▶ _TASK DATA_:
======
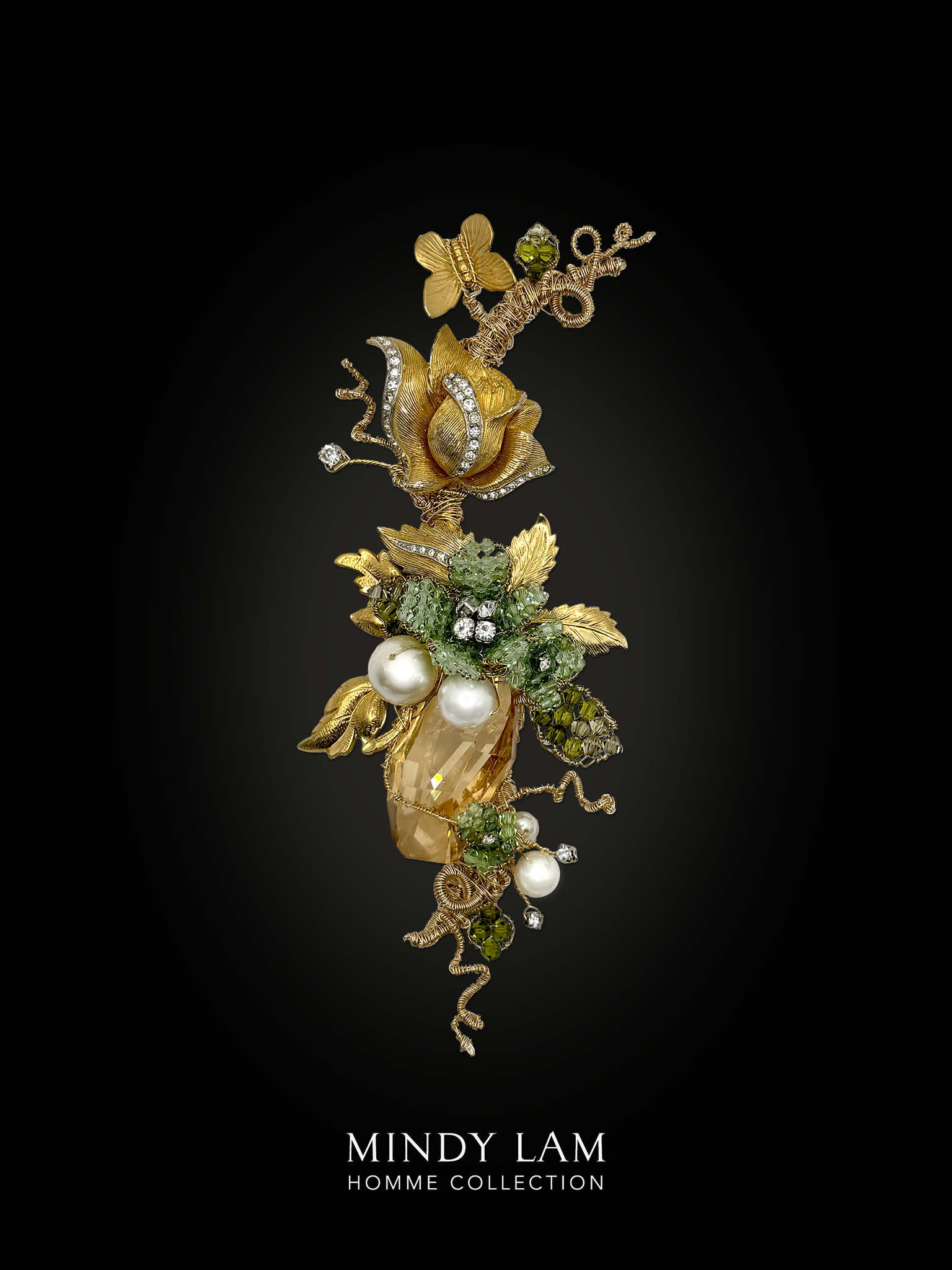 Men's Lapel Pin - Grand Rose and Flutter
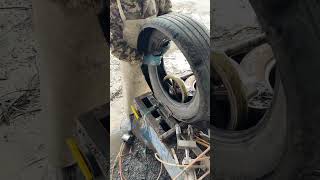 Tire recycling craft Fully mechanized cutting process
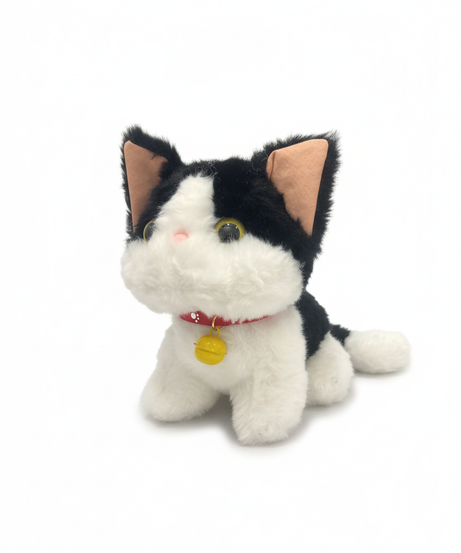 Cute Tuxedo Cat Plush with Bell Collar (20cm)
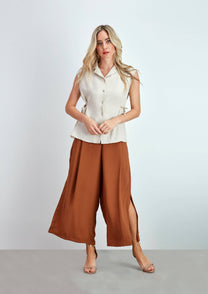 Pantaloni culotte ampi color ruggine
======
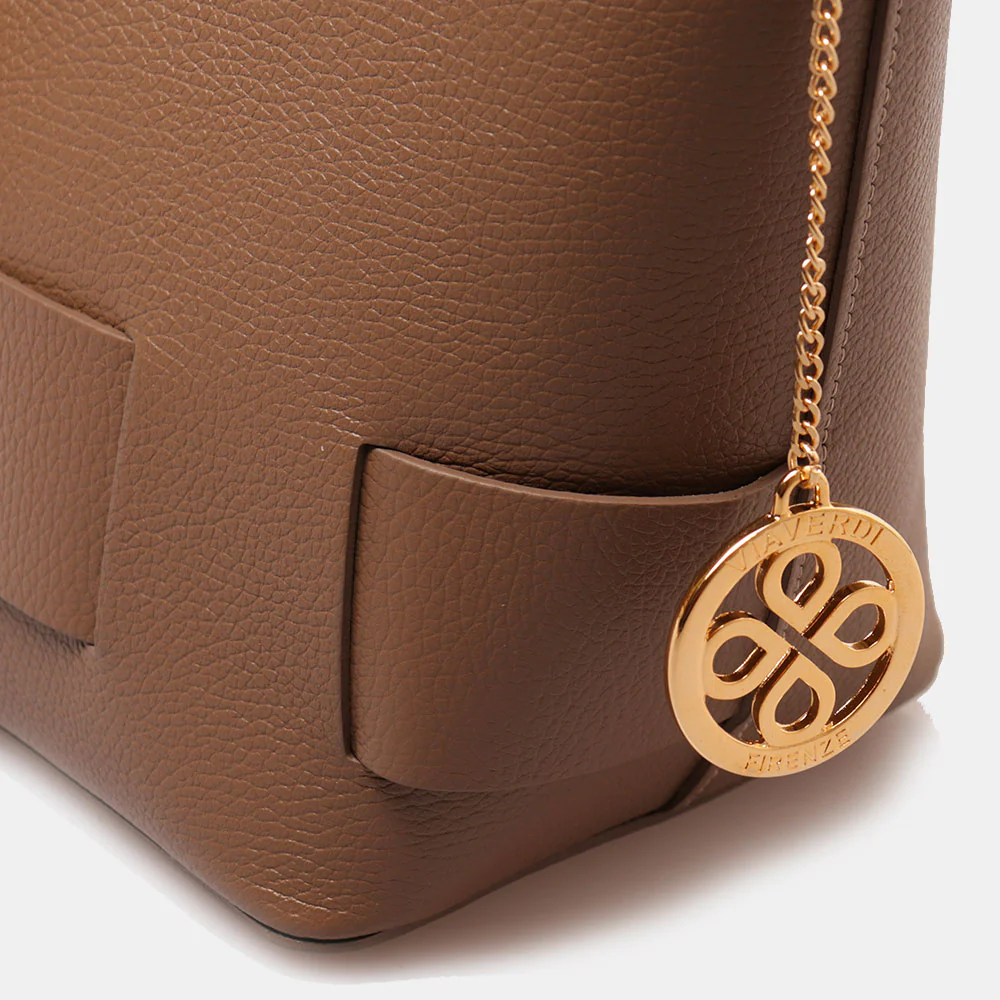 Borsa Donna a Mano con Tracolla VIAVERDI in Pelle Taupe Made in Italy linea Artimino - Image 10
======
▶ _YOUR ASSIGNMENT_: Using the listing above, reproduce word for word every line from the one containing "Cute Tuxedo Cat" through the one containing "Pantaloni culotte ampi color ruggine". Pictures must be left out.

▶ _TASK RESPONSE_:
 Cute Tuxedo Cat Plush with Bell Collar (20cm)
 Pantaloni culotte ampi color ruggine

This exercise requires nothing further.